All records are to be transcribed in full; any pictures among them are to be skipped.

+ + + +

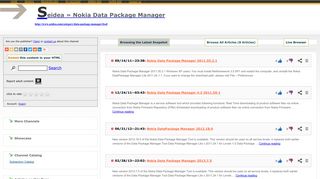 Seidea » Nokia Data Package Manager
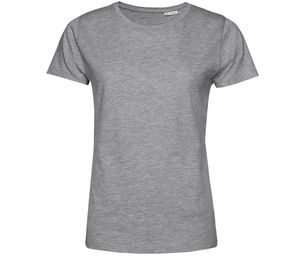 B&C BC02B - Organisk t-shirt med rund hals för kvinnor 150 Heather Grey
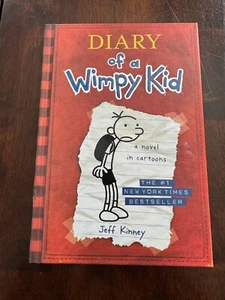 DIARY OF A WIMPY KID - A Novel in Cartoons by Jeff Kinney  Hardcover Book - NEW - Bild 1 von 2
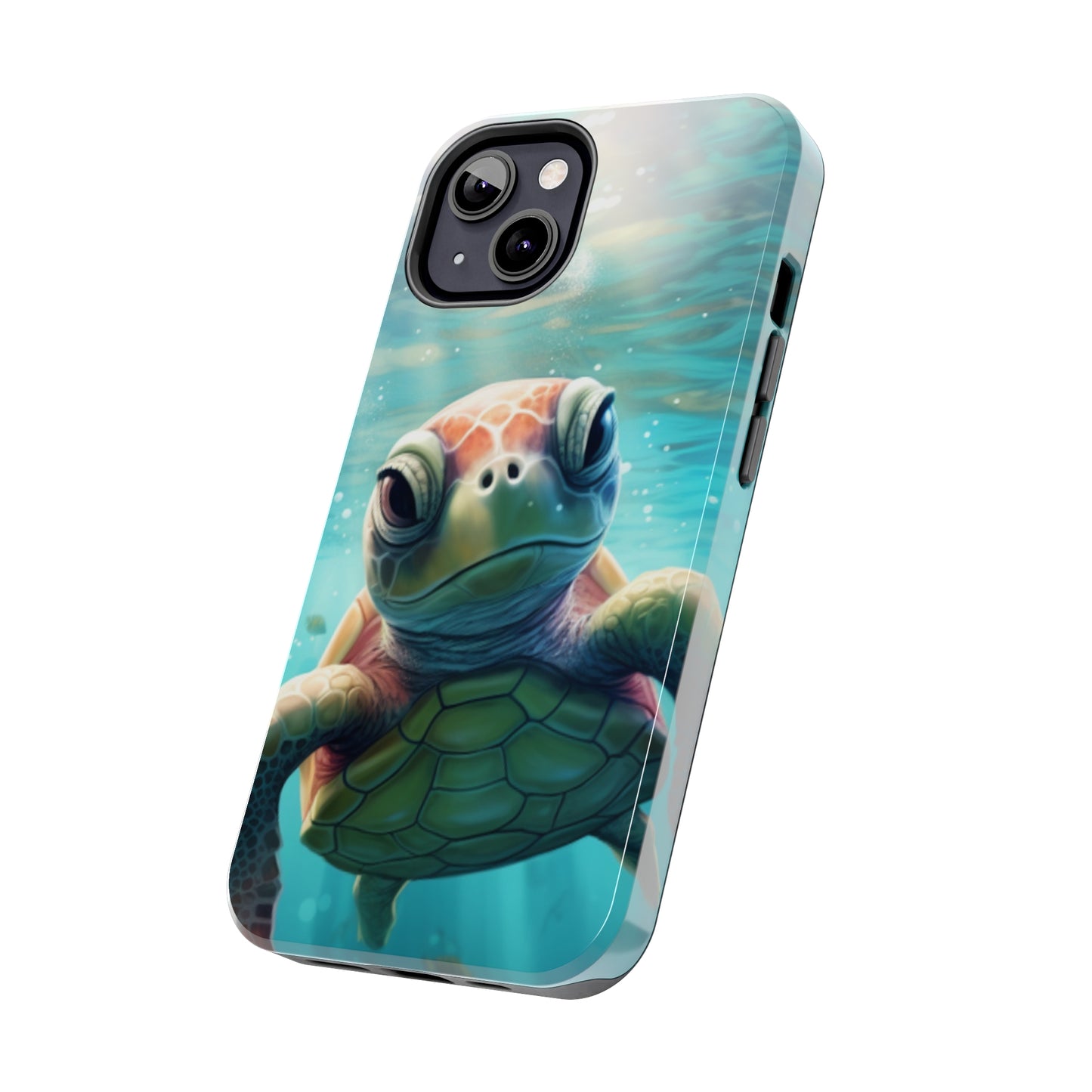 iPhone Series (Turtle In Motion) - Phone Case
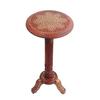 Sheesham Wooden Carved Round Beautiful Design Carved Side Table Coffee Table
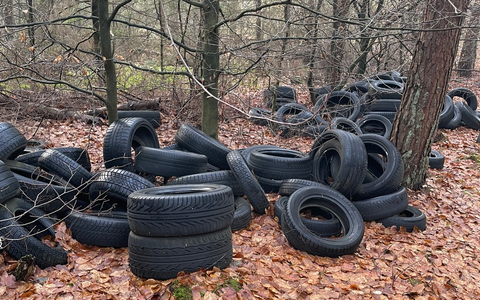 POL-EL: Dersum / Heede - Illegale Reifenentsorgung in Waldgebiet - Polizei bittet um Hinweise - Foto: presseportal.de
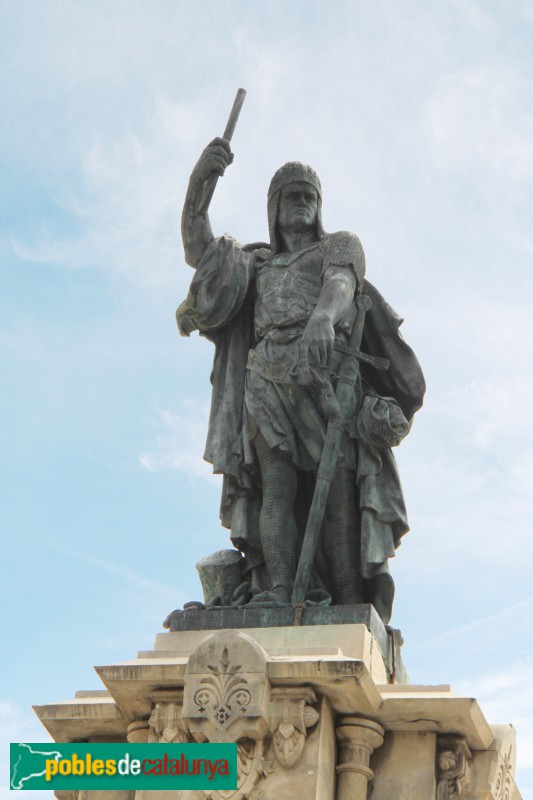 Tarragona - Monument a Roger de Llúria (Foto: Albert Esteves, 2017) Tarragona - Monument a Roger de Llúria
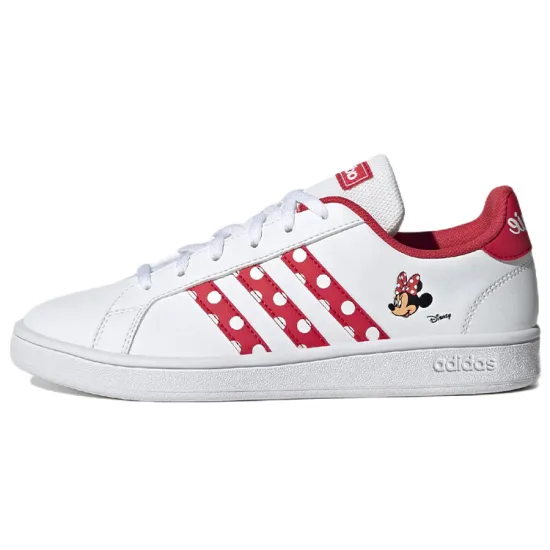 Adidas Neo GRAND COURT Skateboard Shoes Women's Low-Top White/Red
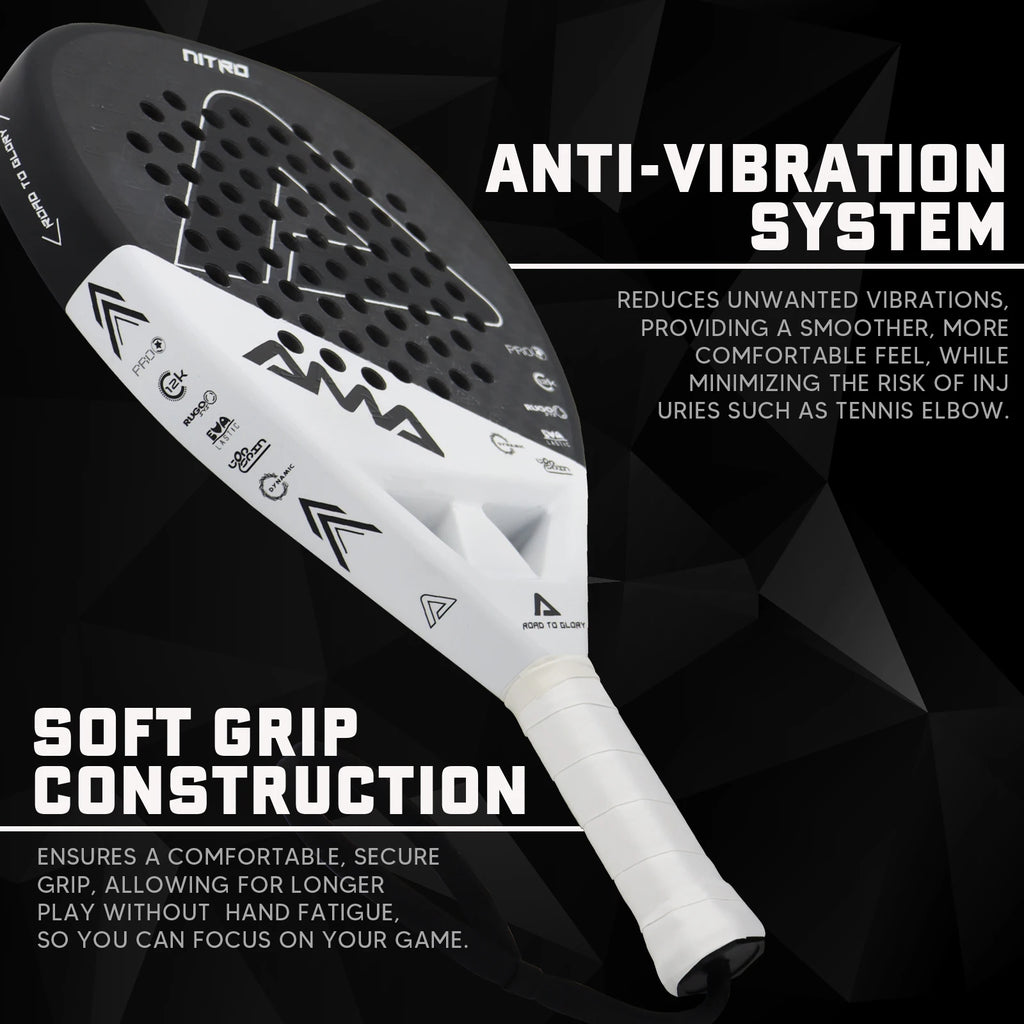 AMA SPORT Premium Carbon Fiber Padel Racket - 3K/12K/18K EVA Core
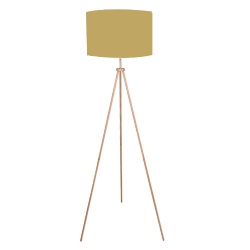 Wooden Tripod Floor Lamp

+ + + +

### Expected answer
 Seidea » Nokia Data Package Manager
 B&C BC02B - Organisk t-shirt med rund hals för kvinnor 150 Heather Grey
 DIARY OF A WIMPY KID - A Novel in Cartoons by Jeff Kinney  Hardcover Book - NEW - Bild 1 von 2
 iPhone Series (Turtle In Motion) - Phone Case
 Sheesham Wooden Carved Round Beautiful Design Carved Side Table Coffee Table
 POL-EL: Dersum / Heede - Illegale Reifenentsorgung in Waldgebiet - Polizei bittet um Hinweise - Foto: presseportal.de
 Tarragona - Monument a Roger de Llúria (Foto: Albert Esteves, 2017) Tarragona - Monument a Roger de Llúria
 Adidas Neo GRAND COURT Skateboard Shoes Women's Low-Top White/Red
 AMA SPORT Premium Carbon Fiber Padel Racket - 3K/12K/18K EVA Core
 Wooden Tripod Floor Lamp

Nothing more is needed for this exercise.